The first is security, as the OSCE’s ceasefire monitoring infrastructure dates from the 1990s and is completely unsuitable to conditions now. The sides agreed to expand this infrastructure in Vienna in May 2016 but this has not been fulfilled, while the OSCE’s ‘High-level Planning Group’, tasked with devising scenarios for the deployment of peacekeepers, has been invisible.

The absence of proper international security guarantees has entrenched the security dilemma between the parties, but a more public elaboration of the scope and source of peacekeepers could make ending this absence more serious and plausible.

Credible scenarios for peacekeeping must be backed by implementation of the May 2016 Vienna agreements on new mandates for ceasefire-monitoring mechanisms, the re-opening of the OSCE field offices in Armenia and Azerbaijan, and international investigation of the alleged use of prohibited weaponry and civilian casualties in this latest outbreak of fighting.

Credible international commitments to underwriting security would open up the space for the second agenda item - to revive negotiations on the core political issues. For almost a decade, there has been no meaningful negotiation of the Basic Principles.

No side has yet rejected the Basic Principles, which among other things call for a withdrawal of Armenian armed forces from areas around Nagorny Karabakh which President Ilham Aliyev has highlighted as a condition of progress.
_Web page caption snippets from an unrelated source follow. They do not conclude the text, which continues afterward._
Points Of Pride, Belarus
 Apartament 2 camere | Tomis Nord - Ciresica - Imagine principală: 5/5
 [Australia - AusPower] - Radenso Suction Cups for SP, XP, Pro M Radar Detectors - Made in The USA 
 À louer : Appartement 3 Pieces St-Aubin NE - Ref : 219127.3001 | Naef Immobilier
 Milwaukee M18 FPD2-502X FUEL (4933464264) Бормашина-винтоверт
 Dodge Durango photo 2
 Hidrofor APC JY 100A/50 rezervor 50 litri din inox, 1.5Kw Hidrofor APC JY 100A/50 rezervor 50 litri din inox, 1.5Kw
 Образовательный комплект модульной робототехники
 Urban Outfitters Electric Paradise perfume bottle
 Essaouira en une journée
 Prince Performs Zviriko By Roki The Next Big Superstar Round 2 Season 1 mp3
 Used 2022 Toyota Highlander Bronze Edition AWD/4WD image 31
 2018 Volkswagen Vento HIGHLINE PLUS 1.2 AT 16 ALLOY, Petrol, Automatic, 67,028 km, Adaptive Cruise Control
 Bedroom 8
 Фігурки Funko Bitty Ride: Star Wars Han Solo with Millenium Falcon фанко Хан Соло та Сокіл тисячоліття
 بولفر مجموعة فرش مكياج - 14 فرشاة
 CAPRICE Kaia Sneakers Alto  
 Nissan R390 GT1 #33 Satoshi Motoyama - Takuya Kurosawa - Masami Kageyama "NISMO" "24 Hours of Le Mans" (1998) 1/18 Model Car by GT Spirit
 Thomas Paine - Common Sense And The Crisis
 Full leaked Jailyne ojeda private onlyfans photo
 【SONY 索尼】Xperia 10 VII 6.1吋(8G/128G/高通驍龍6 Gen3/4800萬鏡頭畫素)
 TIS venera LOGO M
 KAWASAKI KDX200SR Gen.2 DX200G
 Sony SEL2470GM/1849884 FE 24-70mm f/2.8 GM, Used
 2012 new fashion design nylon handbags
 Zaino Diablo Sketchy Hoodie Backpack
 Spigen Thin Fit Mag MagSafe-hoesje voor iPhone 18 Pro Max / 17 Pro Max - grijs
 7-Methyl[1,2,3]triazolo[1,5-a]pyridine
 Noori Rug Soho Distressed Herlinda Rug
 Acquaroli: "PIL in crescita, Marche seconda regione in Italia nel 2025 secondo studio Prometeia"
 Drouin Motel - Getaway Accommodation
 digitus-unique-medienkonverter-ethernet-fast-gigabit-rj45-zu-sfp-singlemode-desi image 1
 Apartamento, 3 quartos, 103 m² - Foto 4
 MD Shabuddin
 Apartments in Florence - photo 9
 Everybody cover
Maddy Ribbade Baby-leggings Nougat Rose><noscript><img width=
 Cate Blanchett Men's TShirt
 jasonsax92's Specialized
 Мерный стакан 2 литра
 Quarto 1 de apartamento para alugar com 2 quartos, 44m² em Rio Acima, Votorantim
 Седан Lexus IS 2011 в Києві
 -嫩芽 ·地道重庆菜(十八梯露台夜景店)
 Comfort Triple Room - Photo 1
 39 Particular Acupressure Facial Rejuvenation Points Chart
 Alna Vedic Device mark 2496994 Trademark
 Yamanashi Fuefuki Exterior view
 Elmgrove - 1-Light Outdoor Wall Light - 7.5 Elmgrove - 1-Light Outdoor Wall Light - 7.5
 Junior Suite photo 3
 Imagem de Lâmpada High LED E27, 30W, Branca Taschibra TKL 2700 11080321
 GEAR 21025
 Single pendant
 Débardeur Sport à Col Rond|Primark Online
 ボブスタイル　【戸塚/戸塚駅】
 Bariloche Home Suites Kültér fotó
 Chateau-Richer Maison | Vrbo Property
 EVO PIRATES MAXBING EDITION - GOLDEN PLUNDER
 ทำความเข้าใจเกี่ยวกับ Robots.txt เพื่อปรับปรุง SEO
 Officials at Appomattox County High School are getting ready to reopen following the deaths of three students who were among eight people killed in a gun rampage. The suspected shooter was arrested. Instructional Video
The Principles also attempt to address Armenian concerns through an interim status giving security guarantees and certain rights to the de facto institutions currently in Nagorny Karabakh.

Holding the ‘Minsk Conference’, mandated in 1992 to discuss the conflict in Minsk but which never took place, would also demonstrate international commitment. As Sweden will assume the Chair-in-Office of the OSCE in 2021 and has an institutional history as a previous co-Chair of the Minsk Group, the conference could be held in Stockholm.

Under sustained bombardment, civilians among both the Armenian population of Nagorny Karabakh and the Azerbaijani settlements around the Line of Contact are enduring a humanitarian disaster.

Nine Azerbaijani civilians were killed in a missile strike on Azerbaijan’s second city Ganja after the ceasefire; earlier that day two Armenian civilians were reported killed in an Azerbaijani operation in the town of Hadrut, Nagorny Karabakh.

These deaths radicalise societies and make a stand-down even more politically challenging. But the alternative – a festering war in Europe – cannot be contemplated.